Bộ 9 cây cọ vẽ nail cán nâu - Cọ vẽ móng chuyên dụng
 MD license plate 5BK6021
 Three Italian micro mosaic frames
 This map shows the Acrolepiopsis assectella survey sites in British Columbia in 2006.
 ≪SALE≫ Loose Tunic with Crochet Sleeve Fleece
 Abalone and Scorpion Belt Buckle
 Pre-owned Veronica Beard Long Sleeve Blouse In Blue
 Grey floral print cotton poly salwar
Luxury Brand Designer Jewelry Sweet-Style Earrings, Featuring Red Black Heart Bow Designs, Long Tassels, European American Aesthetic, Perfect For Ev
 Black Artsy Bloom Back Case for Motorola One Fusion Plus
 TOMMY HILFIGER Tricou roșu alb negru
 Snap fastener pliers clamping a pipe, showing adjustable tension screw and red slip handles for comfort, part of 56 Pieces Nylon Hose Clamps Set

....

Your task is to return each line of the data above that contains the string "Black".

• _YOUR RESPONSE_:
Luxury Brand Designer Jewelry Sweet-Style Earrings, Featuring Red Black Heart Bow Designs, Long Tassels, European American Aesthetic, Perfect For Ev
 Black Artsy Bloom Back Case for Motorola One Fusion Plus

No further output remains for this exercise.